Their timing was impeccable: It was late June 2010, and by having their plans finalized by the end of the month, the company would receive a $5 million bonus for reaching cost and schedule goals. Busche says that during this time she was viewed as a roadblock to meeting these goals. As a result, Busche's concerns were suppressed and Bechtel managers allegedly sought ways to retaliate against her.

But management at Bechtel and the DOE didn't know whom they were dealing with. In October 2010, Busche took her concerns to the Defense Nuclear Facilities Safety Board (DNFSB), an independent governmental organization that oversees health and safety issues at the DOE's nuclear facilities. After her comments were made during a public hearing with DNFSB on October 7, Busche says she was "openly admonished by former DOE Assistant Secretary Inés Triay for her testimony."

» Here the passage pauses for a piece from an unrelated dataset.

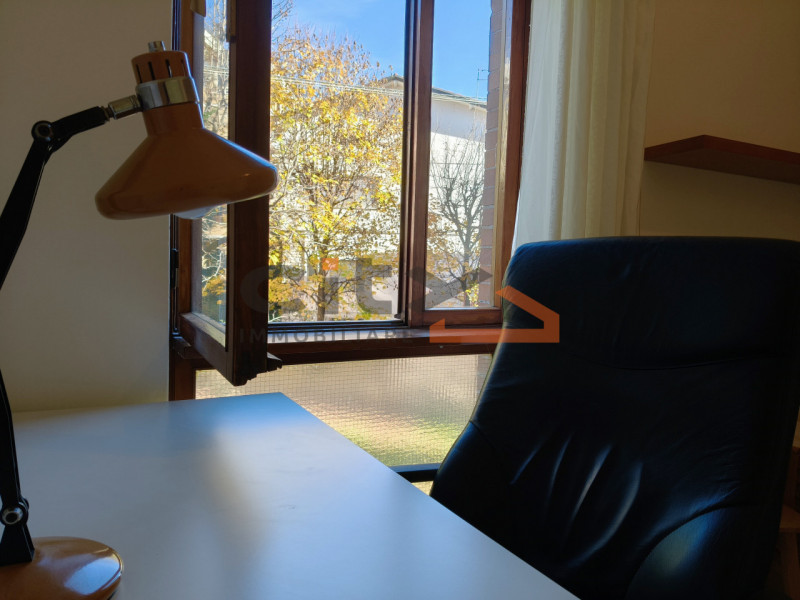 TRICAMERE IN LOCAZIONE BASSANO DEL GRAPPA - APPENA FUORI LE MURA DEL CENTRO STORICO.
Proponiamo i...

In her Department of Labor complaint, Busche alleges that after her testimony, Triay told her "If [your] intent was to piss people off [with your testimony, you] did a very good job." (Triay, now a Visiting Scholar at Florida International University, did not respond for comment after multiple phone calls and e-mail requests.)

When Busche showed up for a second day of hearings, she claims she was approached by Frank Russo, who runs the WTP project for Bechtel; Bill Gay; and Leo Sain, a senior URS vice president. They all urged her to recant her earlier testimony when she met with the DNFSB. She replied that she would not.

Even worse, when Busche returned to work after the hearings, she alleges WTP management kept her isolated and out of meetings that she was both authorized to and required to attend. She also says that since Bechtel "controls the work and supervision of persons assigned to [her]," that the company has "actively sabotaged her work since [Bechtel] employees go around her, defy her efforts to supervise them . . . all without consequence."

She is currently awaiting a response from the Department of Labor about her complaint. Busche's story—when coupled with that of the DOE's Dr. Don Alexander, as outlined in Seattle Weekly last fall ("The Nuclear Option," October 19)—provides ample evidence that management at both Bechtel and the DOE are at best ignoring, and at worst actively retaliating against, experts with inconvenient opinions. And because it's nuclear waste that's being dealt with, their alleged negligence could ultimately prove deadly.